→ EXERCISE DETAILS: When you retype the data, keep every word exactly and include none of the pictures.

→ INPUT DATA:
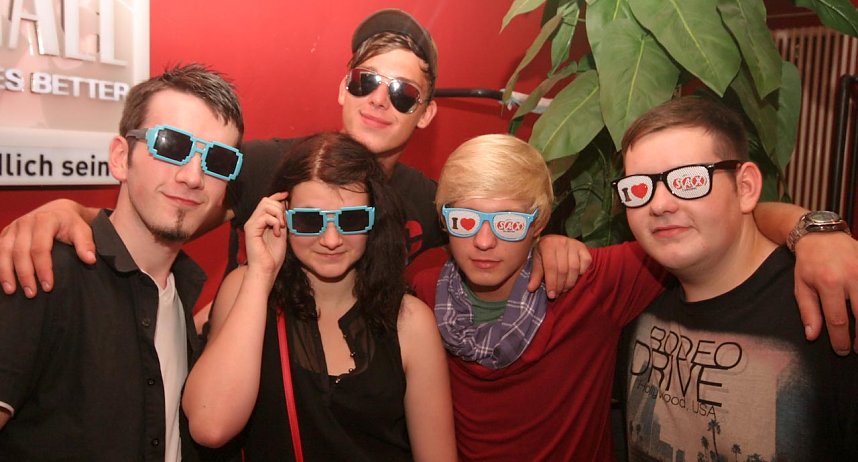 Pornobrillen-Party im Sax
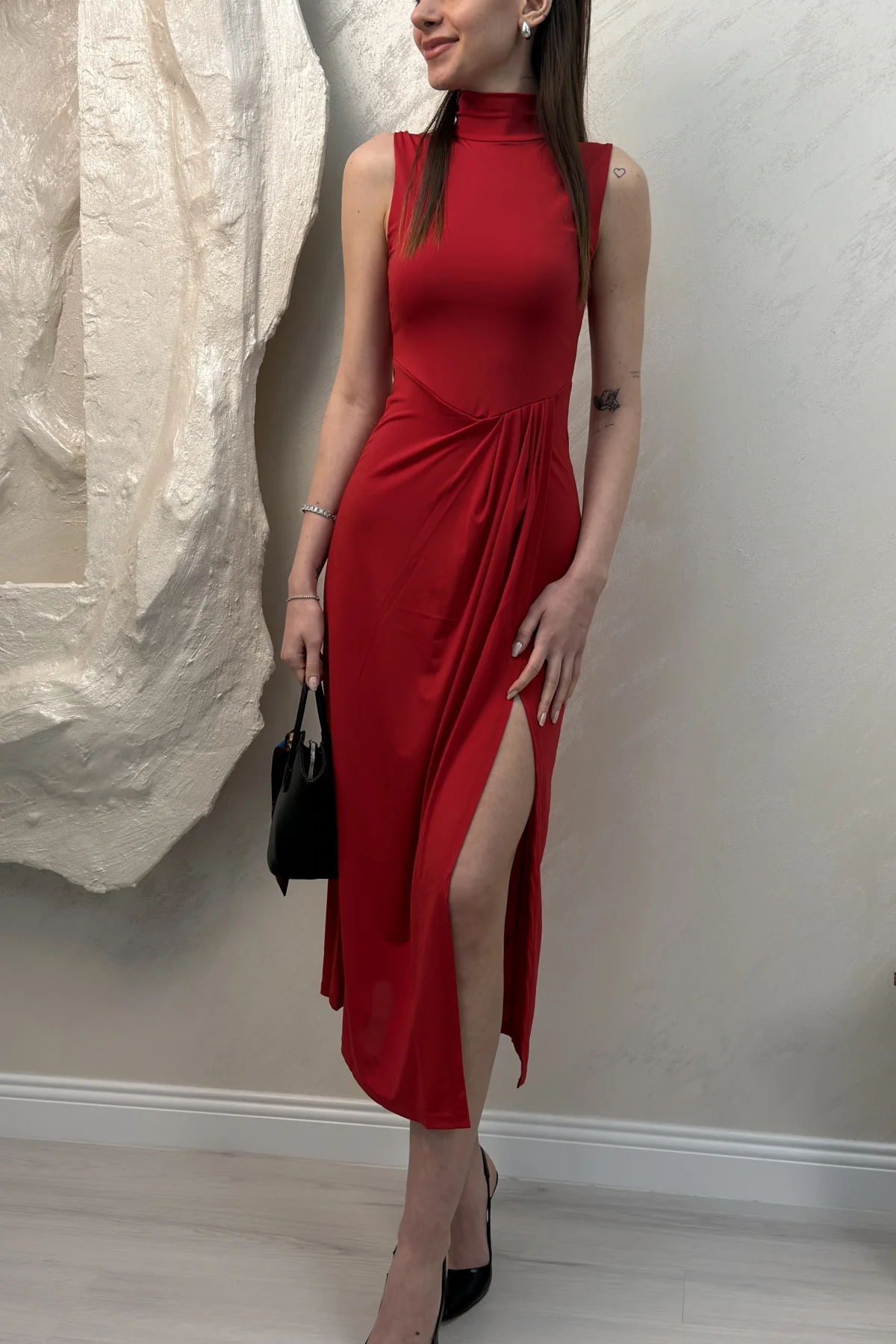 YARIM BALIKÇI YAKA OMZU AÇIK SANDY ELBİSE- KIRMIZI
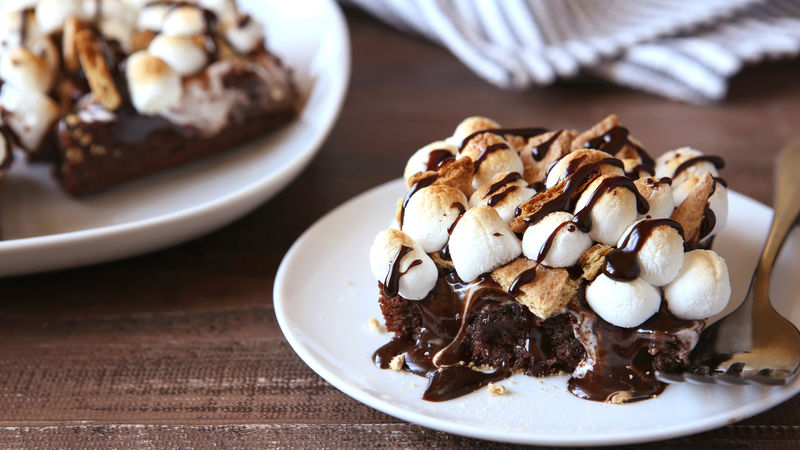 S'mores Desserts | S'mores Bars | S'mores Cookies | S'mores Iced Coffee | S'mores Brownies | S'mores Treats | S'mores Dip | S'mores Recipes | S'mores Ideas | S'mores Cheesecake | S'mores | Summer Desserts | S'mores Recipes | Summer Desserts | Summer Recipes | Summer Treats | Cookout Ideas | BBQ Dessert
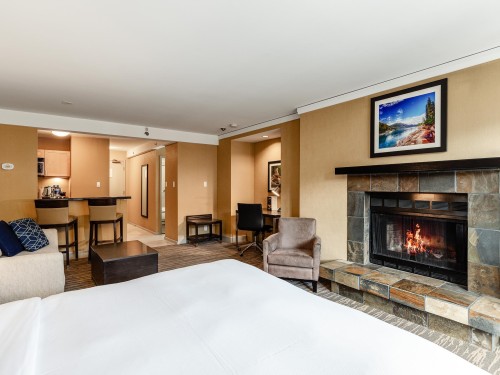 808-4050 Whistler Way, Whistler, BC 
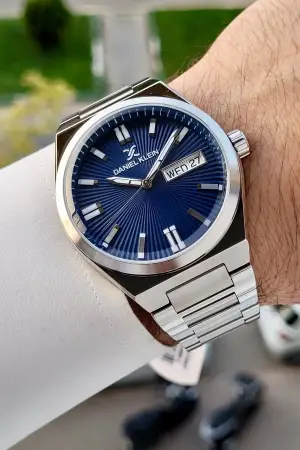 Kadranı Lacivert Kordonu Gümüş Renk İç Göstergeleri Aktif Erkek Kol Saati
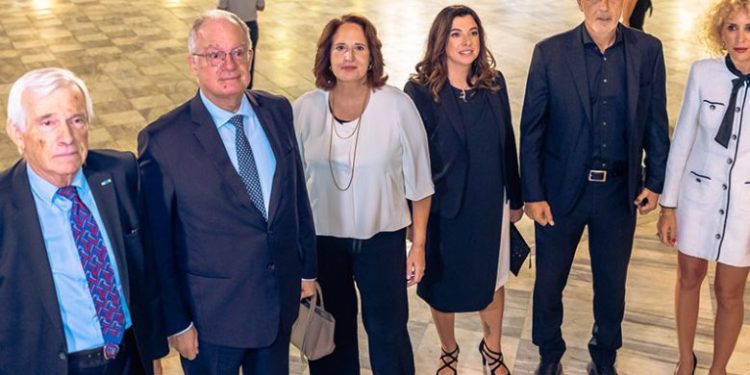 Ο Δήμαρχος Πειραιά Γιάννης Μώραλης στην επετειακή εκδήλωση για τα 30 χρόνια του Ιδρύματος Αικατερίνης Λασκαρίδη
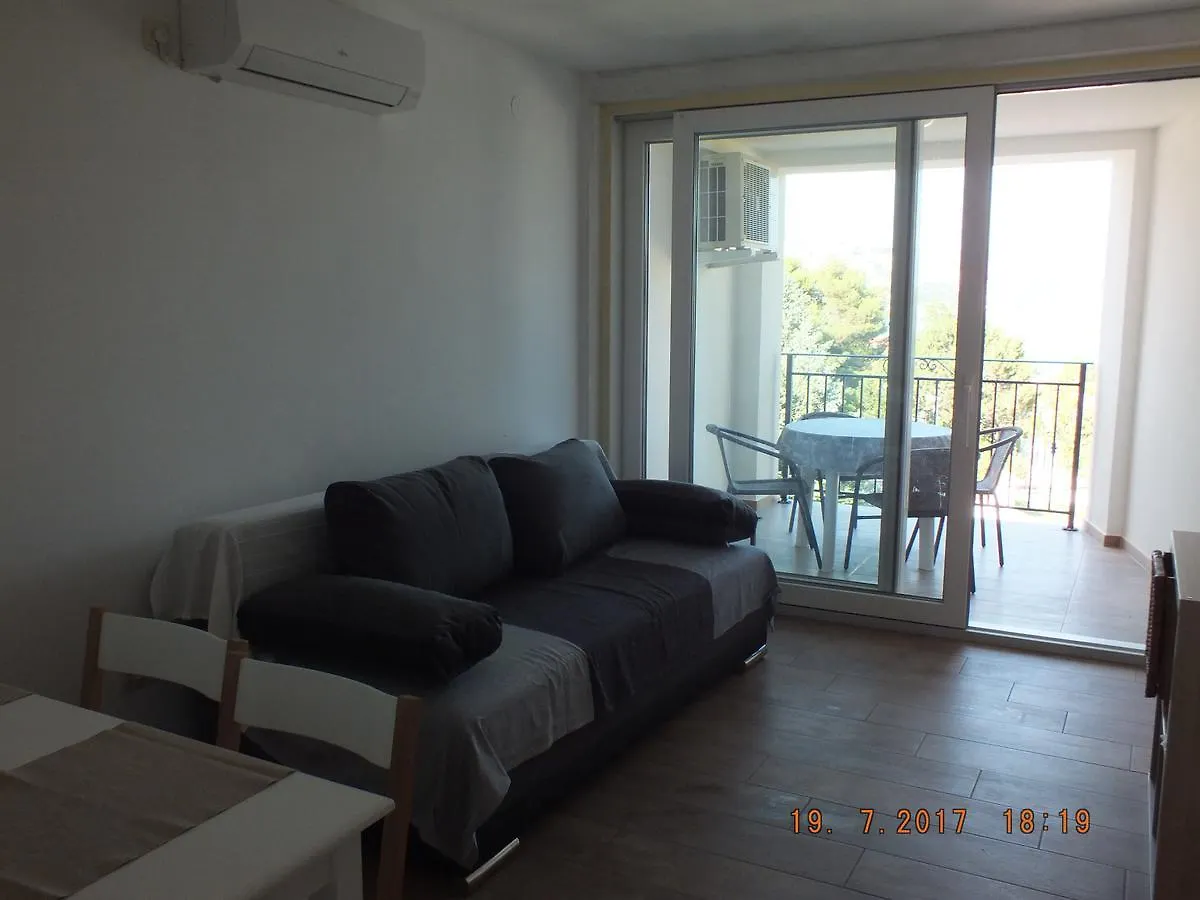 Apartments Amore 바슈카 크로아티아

→ EXERCISE OUTPUT:
 Pornobrillen-Party im Sax
 YARIM BALIKÇI YAKA OMZU AÇIK SANDY ELBİSE- KIRMIZI
 S'mores Desserts | S'mores Bars | S'mores Cookies | S'mores Iced Coffee | S'mores Brownies | S'mores Treats | S'mores Dip | S'mores Recipes | S'mores Ideas | S'mores Cheesecake | S'mores | Summer Desserts | S'mores Recipes | Summer Desserts | Summer Recipes | Summer Treats | Cookout Ideas | BBQ Dessert
 808-4050 Whistler Way, Whistler, BC 
 Kadranı Lacivert Kordonu Gümüş Renk İç Göstergeleri Aktif Erkek Kol Saati
 Ο Δήμαρχος Πειραιά Γιάννης Μώραλης στην επετειακή εκδήλωση για τα 30 χρόνια του Ιδρύματος Αικατερίνης Λασκαρίδη
 Apartments Amore 바슈카 크로아티아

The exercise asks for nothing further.